The Case for Junk DNA

The search for function in the genome It has been known for several decades that only a small fraction of the human genome is made up of protein-coding sequences and that at least some noncoding DNA has important biological functions. In addition to coding exons, the genome contains sequences that are transcribed into functional RNA molecules (e.g., tRNA, rRNA, and snRNA), regulatory regions that control gene expression (e.g., promoters, silencers, and enhancers), origins of replication, and repeats that play structural roles at the chromosomal level (e.g., telomeres and centromeres). New discoveries regarding potentially important sequences amongst the nonprotein-coding majority of the genome are becoming more prevalent.
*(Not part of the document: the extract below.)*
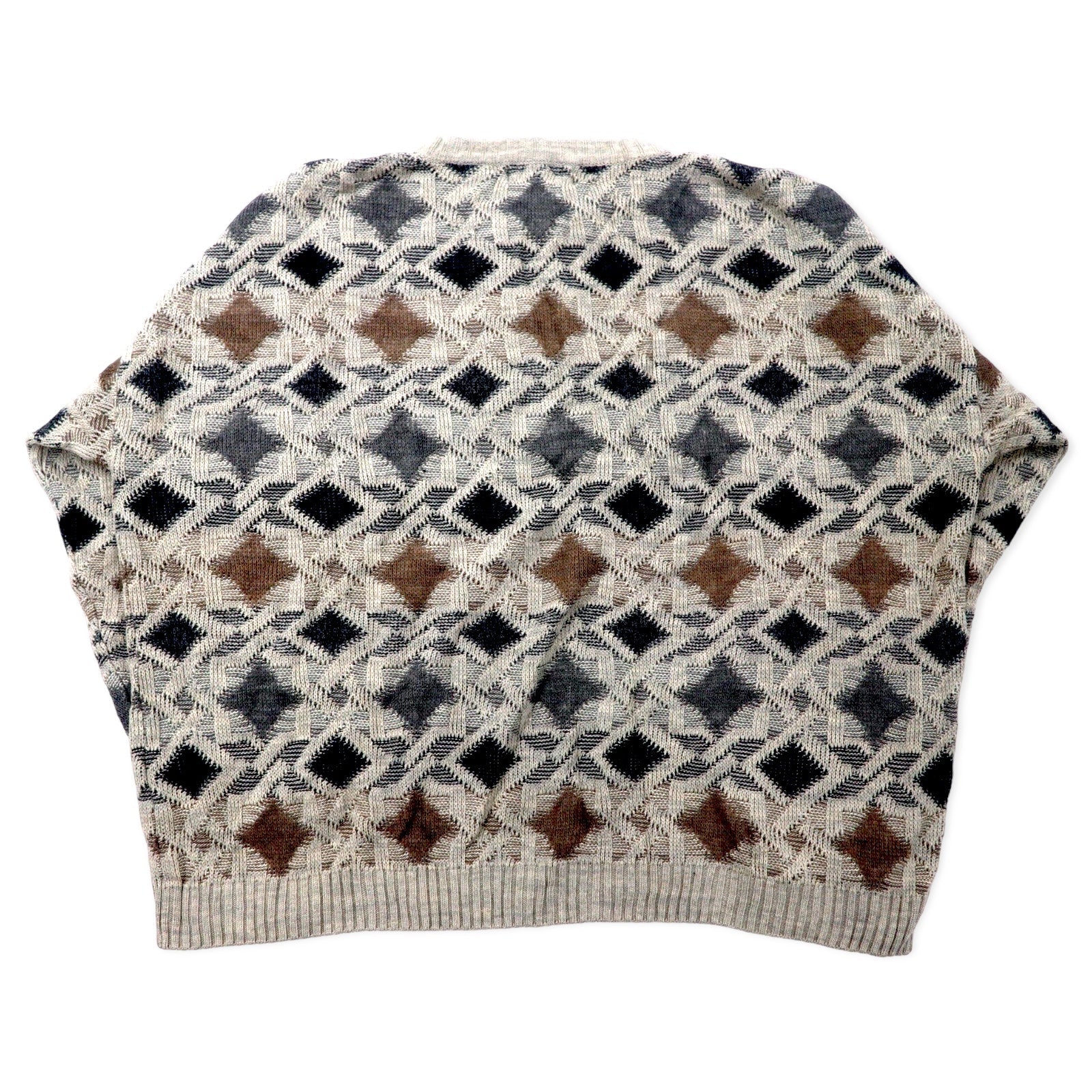 NATURAL ISSUE anni '90 maglione in maglia grossa fantasia all-over XXL grigio acrilico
By far the best-known effort to identify functional regions in the human genome is the recently completed Encyclopaedia of DNA Elements (ENCODE) project [1], whose authors made the remarkable claim that a “biochemical function” could be assigned to 80% of the human genome [2]. Reports that ENCODE had refuted the existence of large amounts of junk DNA in the human genome received considerable media attention [3], [4]. Criticisms that these claims were based on an extremely loose definition of “function” soon followed [5]–[8] (for a discussion of the relevant function concepts, see [9]), and debate continues regarding the most appropriate interpretation of the ENCODE results. Nevertheless, the excitement and subsequent backlash served to illustrate the widespread interest among scientists and nonspecialists in determining how much of the human genome is functionally significant at the organism level.